古典の原典でアトランティスに言及しているのは、『ティマイオス』『クリティアス』だけで、アトランティスの伝説はプラトン以前に遡ることはできない[29]。 アリストテレスは、師のアトランティスの物語を想像による架空の話と考え、プリニウスやストラボンを始めとする古代ギリシャ、ローマの知識人も、アトランティスの実在を疑問視していた。
初めて『ティマイオス』の注釈書を書いたクラントル
(英語版)(紀元前335-375頃)など、一部真実だと考える人もいた。しかし、彼の考えはプラトンの記述が文字通りの真実であるという信念に基づく飛躍したものであり、彼以降のプラトンの注釈者たちは、誰もこの説を信じてはいない。クラントルの注釈書は散逸し、後世のプロクルス(410/412-485)の著作に引用の断片があるのみである。プロクルスもアトランティスの実在を信じていない。[30]アトランティス学の支持者たちは、クラントルは古代エジプト人がサイスの神殿の円柱に刻んだアトランティスの記録を確認したとして、プラトンとは別にアトランティスの実在を裏付ける情報として盛んに引用しているが、これはプロクルスの文章の誤訳に基づく誤解に過ぎないと考えられている[30]。
クラントル以降の古代ヨーロッパで実在を信じたのはプルタルコスだけであるが、彼は特段新しい情報を提示しておらず、基本的にプラトンの記述の繰り返しに過ぎない[30]。プルタルコスの『対比列伝』の「ソロン伝」によると、ソロンはアテナイで改革を行った後、海外を10年間旅し、エジプトで神官から失われたアトランティスの物語を聞いたという[31]。このアトランティスの伝説、とりわけアテナイ人の関わる神話(ロゴス[† 6]とミュトス[† 7])についてソロンは執筆を始めたが結局中止してしまった[32]。
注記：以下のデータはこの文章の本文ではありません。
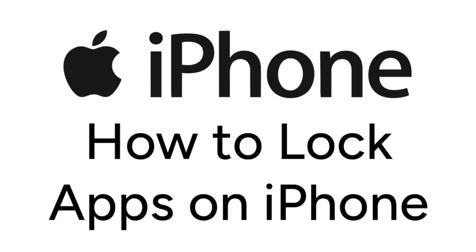Want to lock an app on your iPhone with a passcode or Face ID so other people can't get into it? We are here to help. I'm Jessica, and in this video, I'll show you how to lock apps on iPhone. Now let's get started.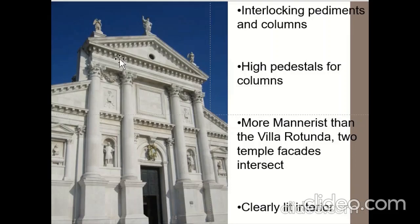Thank you for listening to the lecture. That is all on Mannerist architecture style. The next lecture will be on Baroque architecture style.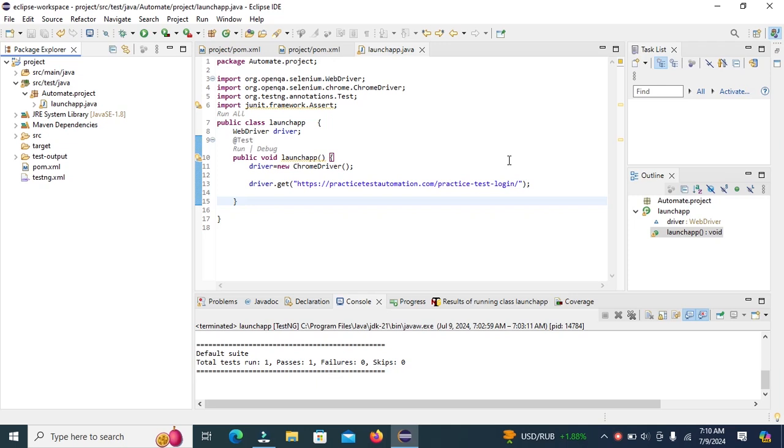Hello everyone, welcome back to SQL World. Today we are going to talk about how to create the base class and initialize the web driver in base class.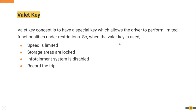When the valet key is used, it will keep a speed limit, lock the storage areas, disable the infotainment system, and even record the trip. So you know exactly where your car was driven when you were not in it.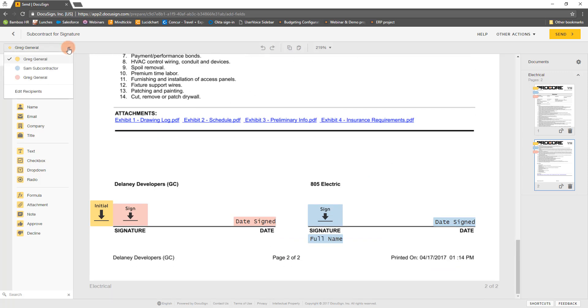Verify, add or edit fields as necessary for each recipient using the recipient dropdown at the top left and the list of fields below on the left. Once you've finalized the fields, click Send at the top right.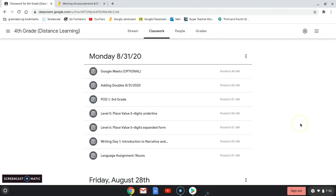Your work for the day is adding doubles, then the problem of the day, level five and six for place value. We're going to start writing with introduction to narrative writing, and then the language assignment is nouns.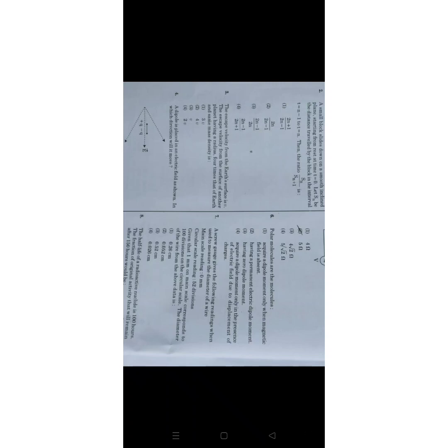Before going to start video I request all of you please like, share and subscribe for all my updated videos. In part one I have uploaded chemistry answer key, you can go through the description link. In this video I am going to upload the physics answer key. In further videos I will upload all other answer keys.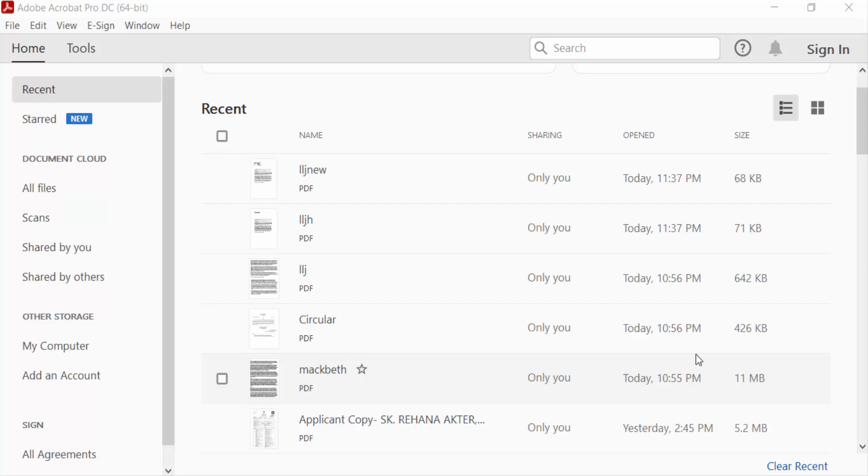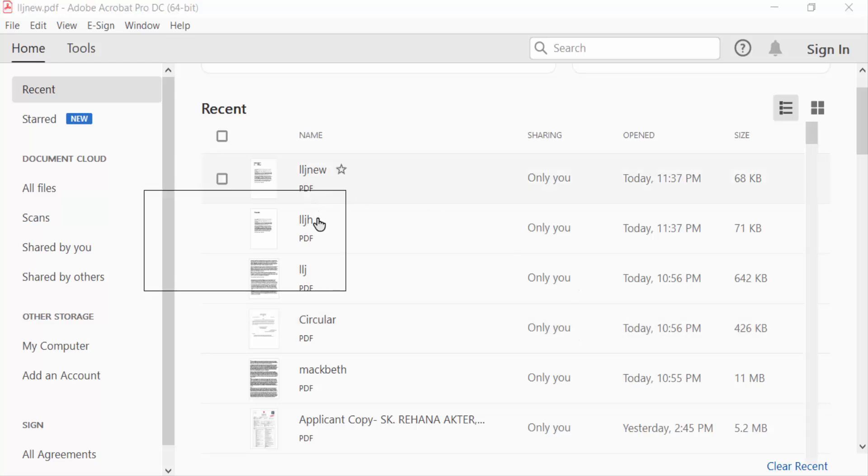Hello everyone, assalamualaikum. In this PDF tutorial today I'll present you how to remove or delete a digital signature in a PDF file using Adobe Acrobat Pro DC. So let's get started. I open a PDF file and this PDF file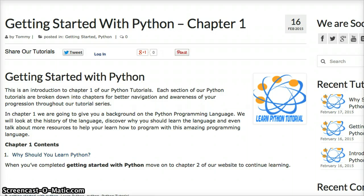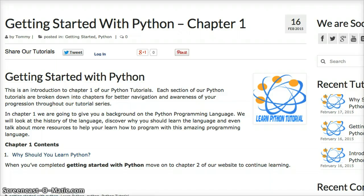Why should you learn it, the history of Python, getting set up with Python on your Mac or Windows machine, and setting up a text editor, and learning how to use the Python interpreter.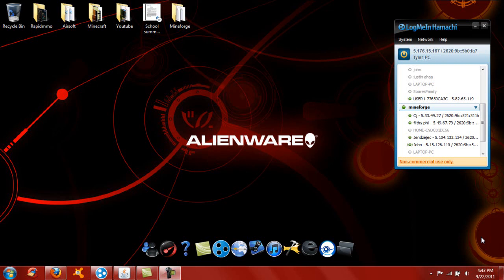All right, first off, we're going to start with two things you need to know. You need to know if you have a 32-bit or 64-bit system. Next, you need to know how much RAM you have. That will determine what we can dedicate for you.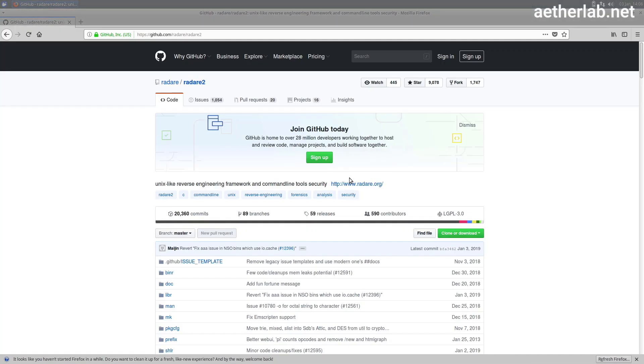Hi, so let's start. What is Radari and what is this workshop about? So Radari 2 is a reverse engineering framework.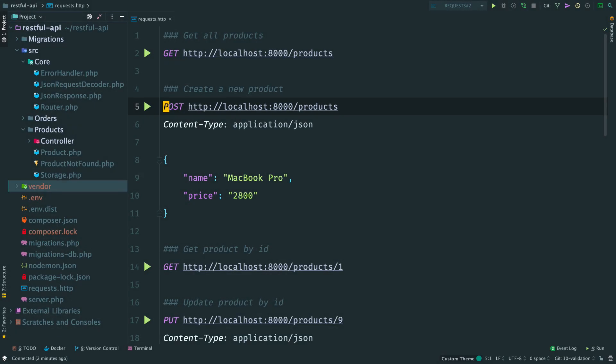In the last video we have worked a lot on products related routes. In this one I want to add a validation so that only valid data makes it into our database.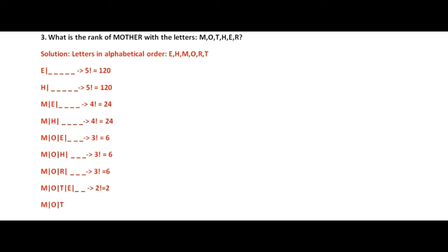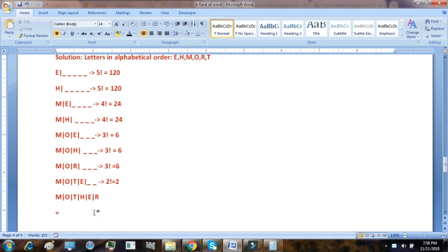M, O, T — the next letter with higher rank will be H, and that is what we are looking for: M, O, T, H. Among the remaining 2 letters E and R, E has the higher rank, so M, O, T, H, E comes, and the remaining letter is R. So MOTHER is the one we are looking for. The solution is 120 + 120 + 24 + 24 + 6 + 6 + 6 + 2 + 1 = 309. The rank of MOTHER is 309.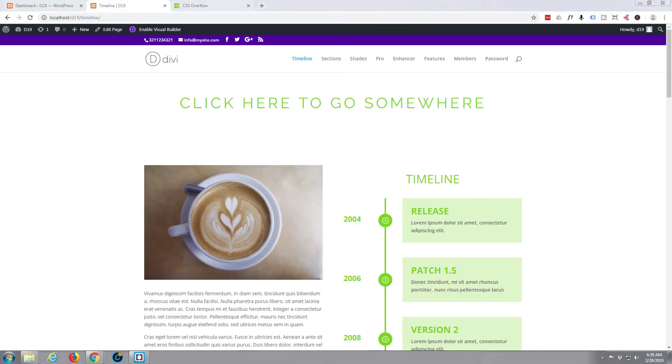Hi guys and welcome to this Divi WordPress theme tutorial. This is Jamie from System22 and webdesignandtechtips.com.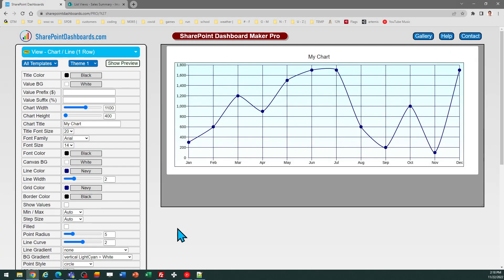Now we will take a look at the line chart template for SharePoint Online. You can find this template at SharePointDashboards.com and there's a link in the description also below.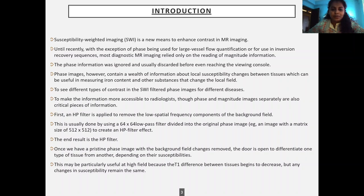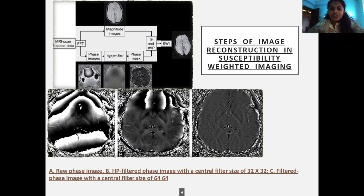Once we have a pristine phase image with the background field changes removed, the door is open to differentiate one type of tissue from another depending on their susceptibilities. This may be particularly useful at high field because even differences between tissues begin to decrease, but any changes in susceptibility remain the same. The steps of reconstruction in SWI begin with a raw phase image, then an HP filtered phase image with a central filter size of 32×32, and next a filtered phase image with a central filter size of 64×64.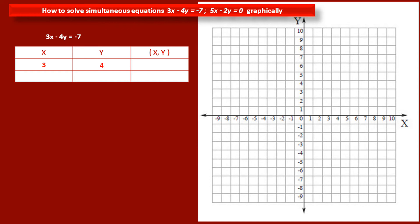Similarly, we have to find a second point. Take the value of x as minus 5. After substituting this in the equation and solving, we get the value of y as minus 2. Therefore, the coordinates of the second point are (minus 5, minus 2).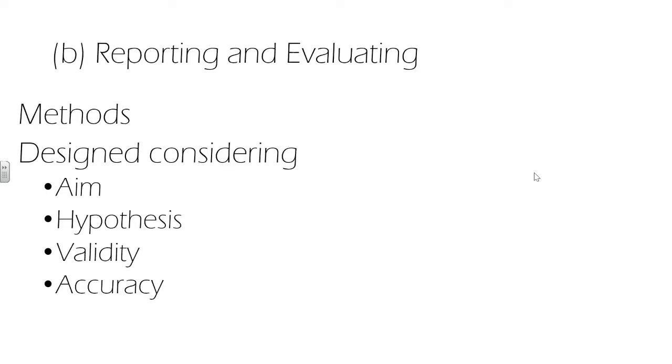Next, we cover the method section, which should contain enough information to allow another investigator to repeat your work. Methods are often adapted from previous studies, which either cover similar aims or use a similar organism. So it's OK to get a lot of your method from someone else's paper.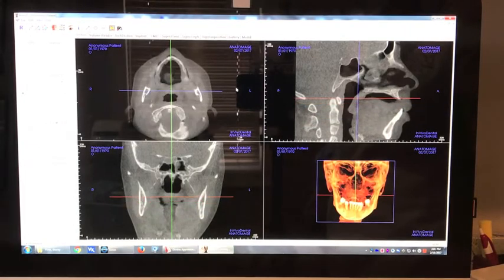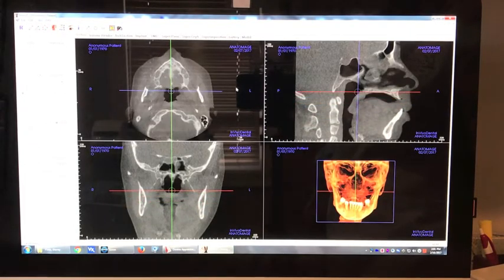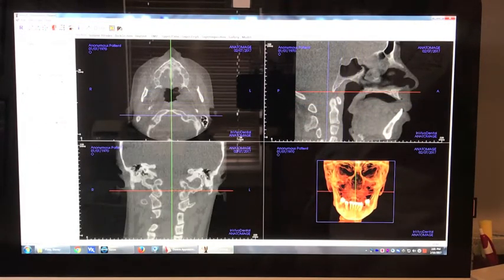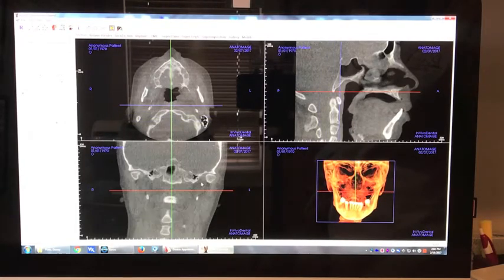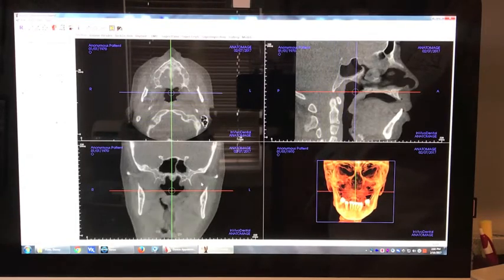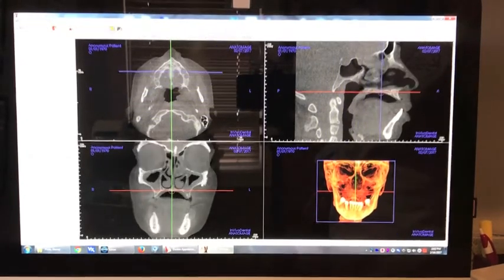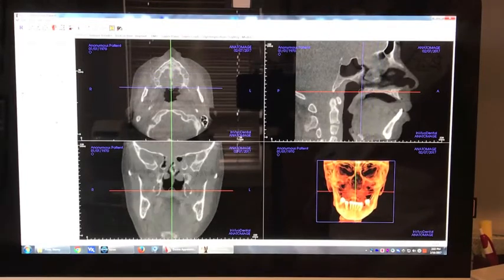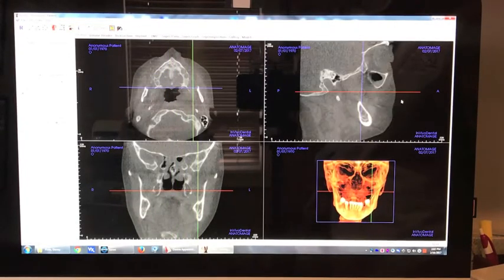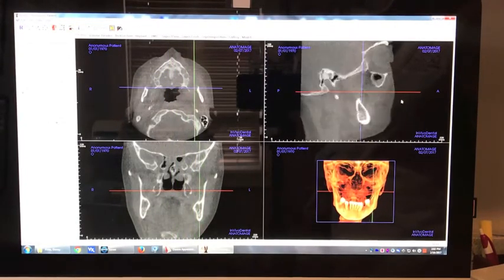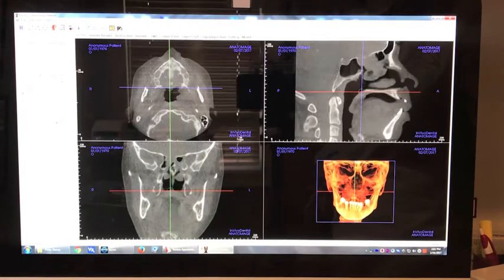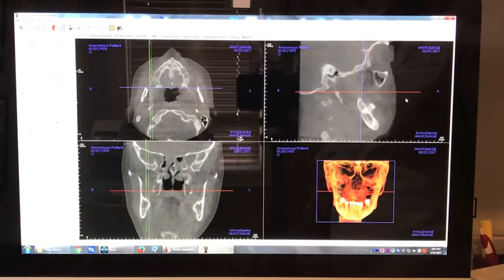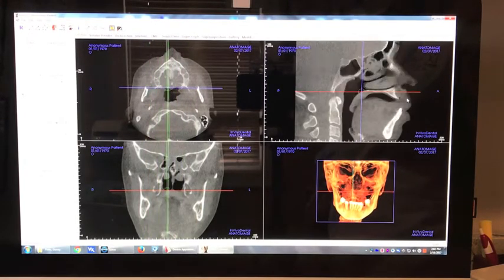A preliminary CBCT scan was taken to determine if the patient would be a good implant candidate. A CBCT scan gives a three-dimensional image of the patient's head. You will notice that with this image we are able to scroll through the scan in three different planes: from top to bottom, from back to front, and from left to right.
プルタルコスは、ソロンの血縁者であったプラトンはアトランティスの物語を書き上げようとしたが完成前に亡くなり、本当に残念なことだと感想を述べている[33]。
クラウディウス・アエリアヌスは『動物の特性について』の中で、大洋近くに住む住民に伝わる寓話として、ポセイドンの子孫であるアトランティスの王達は王の権威の象徴であるクリオスの雄の皮で作られた帯を頭に巻き、王妃達はクリオスの雌の巻き毛を身に付けていたという話を紹介している[34]。
大プリニウスは『博物誌』でプラトンのアトランティス島沈没の話に触れ、これとは別に、アトランティスという名前の島がアトラス山脈の沖合いに現存していることを示唆している[19]。バチカン図書館所蔵 カルキディウス著『ティマエウス注解』
『ティマイオス』は400年頃にカルキディウス(4世紀-5世紀)によってラテン語に翻訳された。前1世紀のキケロによるラテン語訳が散逸したのと異なり、こちらはアトランティス伝説の部位を含む大部分のテキスト[35]が現存する[36][注 6]。
新プラトン主義者のプロクロスは『ティマイオス注解』を残しているが、当時の多くの人々はプラトンの記述が寓話であると考えており、アパメイアのヌメニオス、アメリオス(英語版)、オリゲネス、カッシオス・ロンギノス(英語版)、ポルピュリオス、カルキスのイアンブリコス、シュリアノスなどの解釈が紹介されている[37]。 中世初期のヨーロッパで読むことのできたプラトンの著作は、『ティマイオス』だけだった[38]。中世の知識人にとって、プラトンのアトランティスの記述は『ティマイオス』の中の一遍の物語に過ぎず、注目されなかった[38]。 西ローマ帝国の崩壊で、西ヨーロッパの文化・学芸は衰退した。元エジプト商人で、ネストリウス派の修行僧になったコスマス・インディコプレウステースは、時代の流れに逆行して大地は平面であると主張し[39]、また『キリスト教地誌』の中で『ティマイオス』の記述を引用し、アトランティス島の沈没はノアの大洪水のことであり、おそらくティマイオスはカルデア人から世界最初の歴史家であるモーセの書を知りアトランティスの逸話を創作して付け加えたのだと主張した[40]。これ以外に、中世西ヨーロッパの教養ある聖職者で、アトランティスに関心を示した人はほとんどいない[39]。 この時代よりプラトンを含む古代ギリシアの思想は反キリスト的とみなされ、アトランティス伝説も12世紀中頃のホノリウスの著作までしばし忘れ去られた。